En outre, et si on met à part l'Algérie, l'effort n'excède pas nos possibilités. M. Cartier, nouvelle manière, a procédé à deux excellentes mises au point. La première est d'avoir fait observer l'erreur commise quand on apprécie en pourcentage du revenu national l'importance de l'aide que nous apportons aux pays sous-développés. Un tel calcul, souvent répété est absurde, car le revenu national est absorbé par tant de dépenses incompressibles qu'on peut imaginer un pays consacrant tout l'excédent de son revenu au Tiers-Monde sans que pour autant le pourcentage de son revenu national appliqué à cette aide apparaisse considérable. En fait, c'est par rapport aux investissements effectués à son propre profit qu'il convient de faire le calcul. Et il est certain que, compte tenu de l'Algérie, l'effort entrepris par la France est excessif car il a lieu au détriment de notre substance et compromet notre avenir. La seconde mise au point est non moins opportune. C'est le « raisonnement de la tartelette » qui répond à un discours assez irritant naguère prononcé par le Président Senghor. Selon celui-ci, quand nous construisons un port outre-mer, en fin de compte tout l'argent nous revient – ou au moins une grande part – sous forme d'économie du personnel, de paiement de matériel, etc... Mais, ce que ne voit pas le Président Senghor, c'est que si ce port avait été construit chez nous, cet argent aussi serait resté chez nous, et en plus nous aurions un port de plus à nous. Ces mises au point étaient opportunes.

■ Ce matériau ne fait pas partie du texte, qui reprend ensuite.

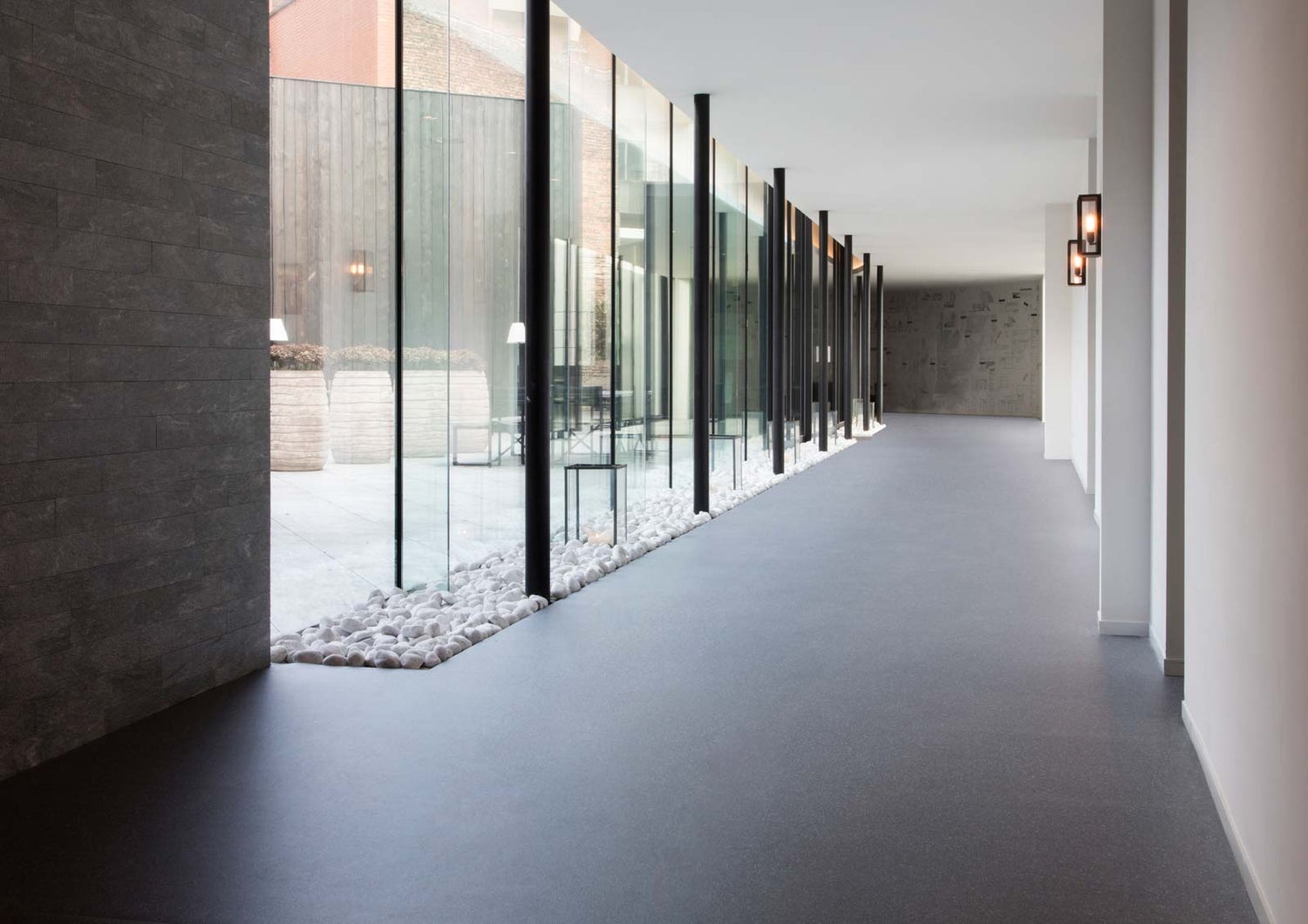 PVC vloer per meter, steenlook, antraciet, vinyl vloer, terrazzo stijl, 200 cm breed (per meter verkocht)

Seulement que ce port enrichisse un pays sous-développé, que l'Afrique en soit doté, c'est justement ce que nous sommes en droit de souhaiter. Et l'intérêt que représente l'évolution de M. Cartier, c'est qu'il le reconnaît. Il admet désormais, à l'encontre des cartiéristes du style « Aurore », que le bien même des pays développés suppose le développement du Tiers-Monde.